[Task goal]
Write out exactly the lines from the one containing "Japanese Porcelain Kutani" through the last line of the records below, both included, and leave out any pictures.

──────── Recorded information

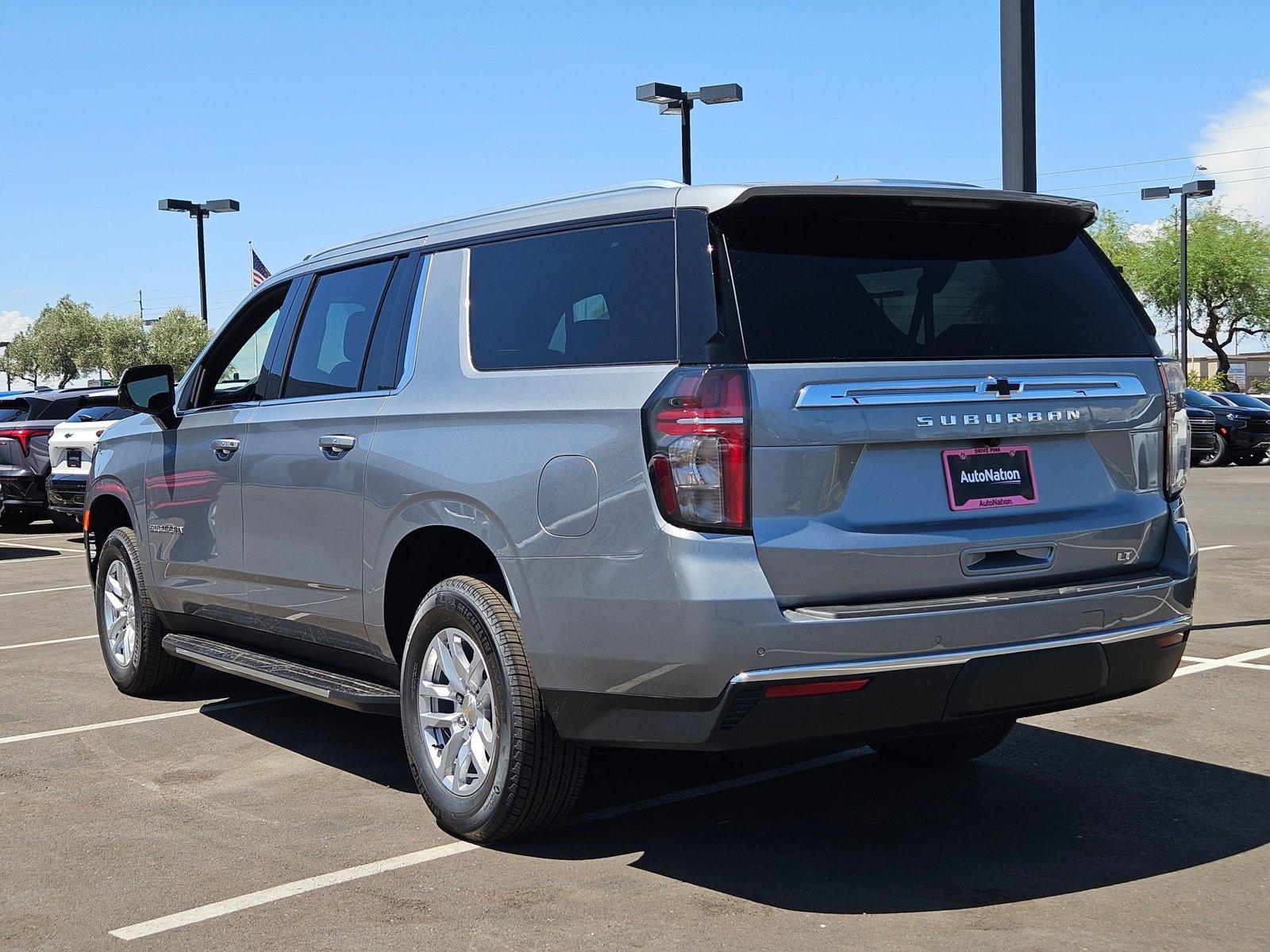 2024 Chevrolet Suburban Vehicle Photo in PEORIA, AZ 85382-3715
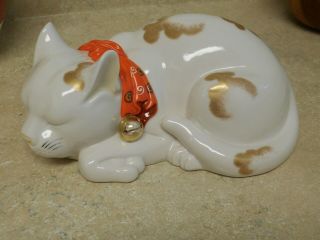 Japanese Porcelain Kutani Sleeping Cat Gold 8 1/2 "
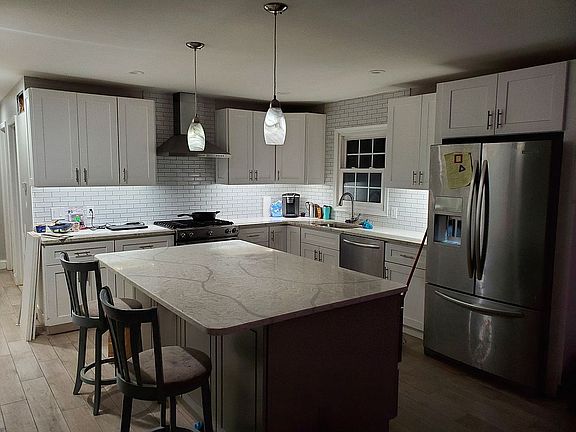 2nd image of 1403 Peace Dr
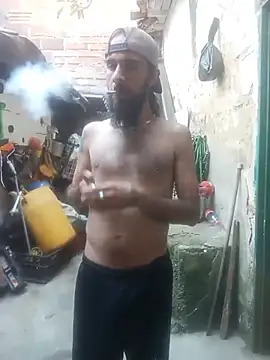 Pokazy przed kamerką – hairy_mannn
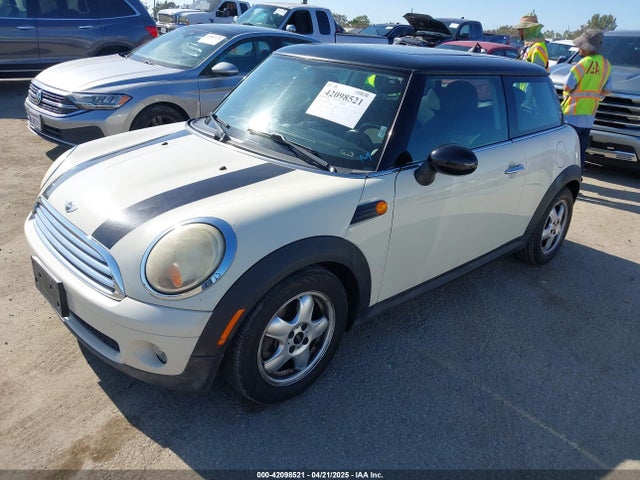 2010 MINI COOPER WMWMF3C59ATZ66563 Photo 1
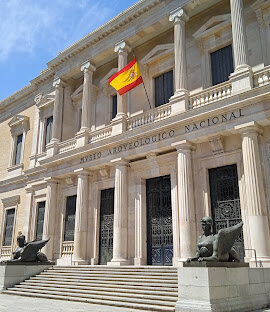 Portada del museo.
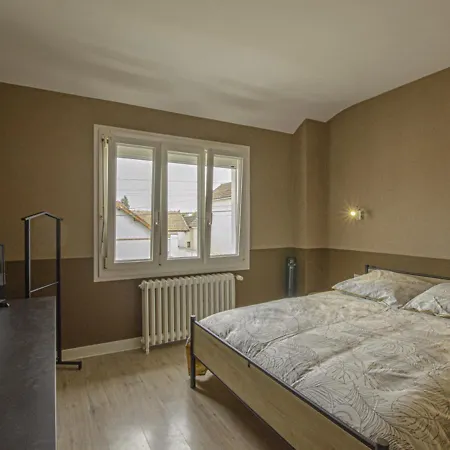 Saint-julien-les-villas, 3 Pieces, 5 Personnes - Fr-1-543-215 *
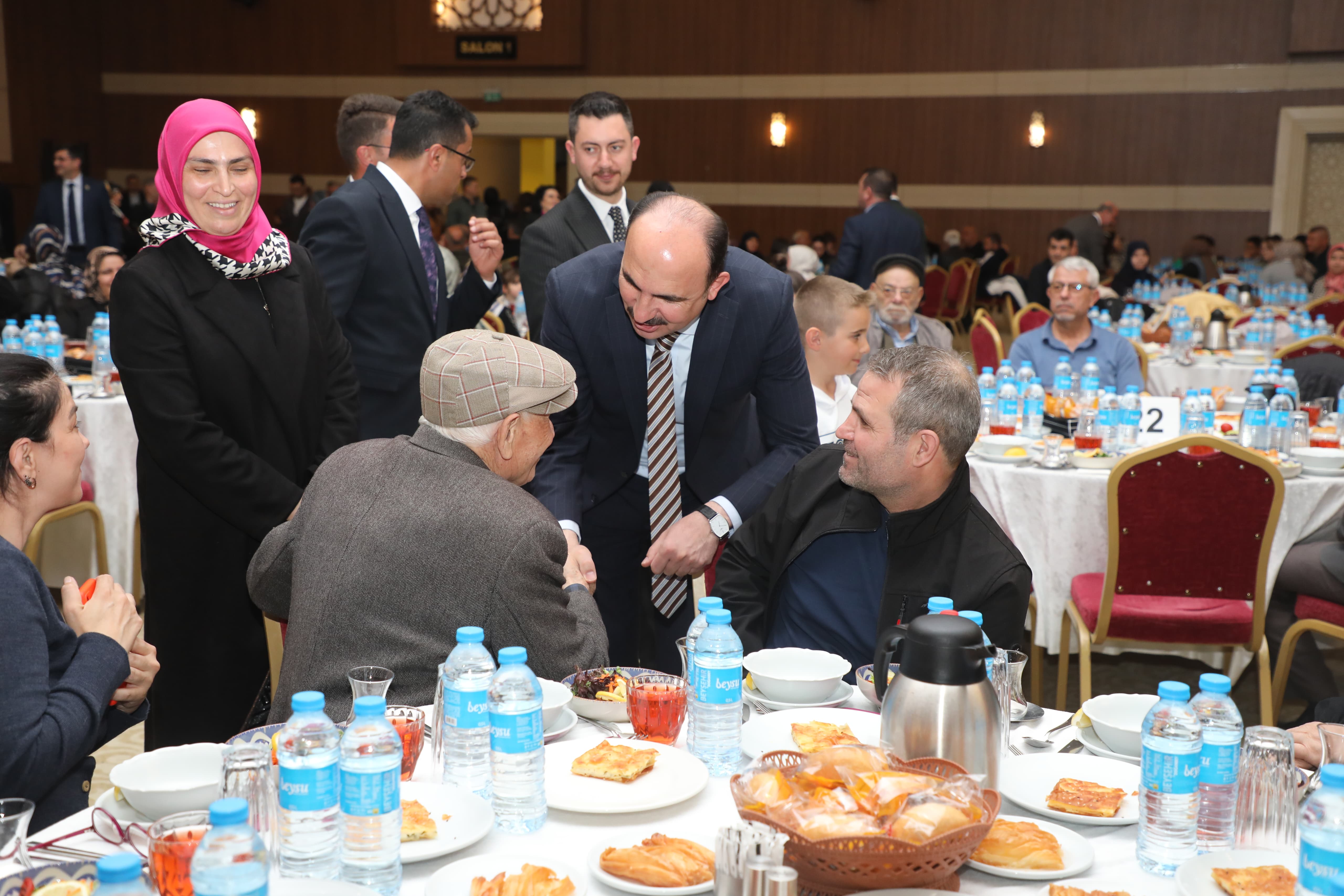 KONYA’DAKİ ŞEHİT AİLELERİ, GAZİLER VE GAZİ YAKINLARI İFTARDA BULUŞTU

────────────────

[Problem solution]
 Japanese Porcelain Kutani Sleeping Cat Gold 8 1/2 "
 2nd image of 1403 Peace Dr
 Pokazy przed kamerką – hairy_mannn
 2010 MINI COOPER WMWMF3C59ATZ66563 Photo 1
 Portada del museo.
 Saint-julien-les-villas, 3 Pieces, 5 Personnes - Fr-1-543-215 *
 KONYA’DAKİ ŞEHİT AİLELERİ, GAZİLER VE GAZİ YAKINLARI İFTARDA BULUŞTU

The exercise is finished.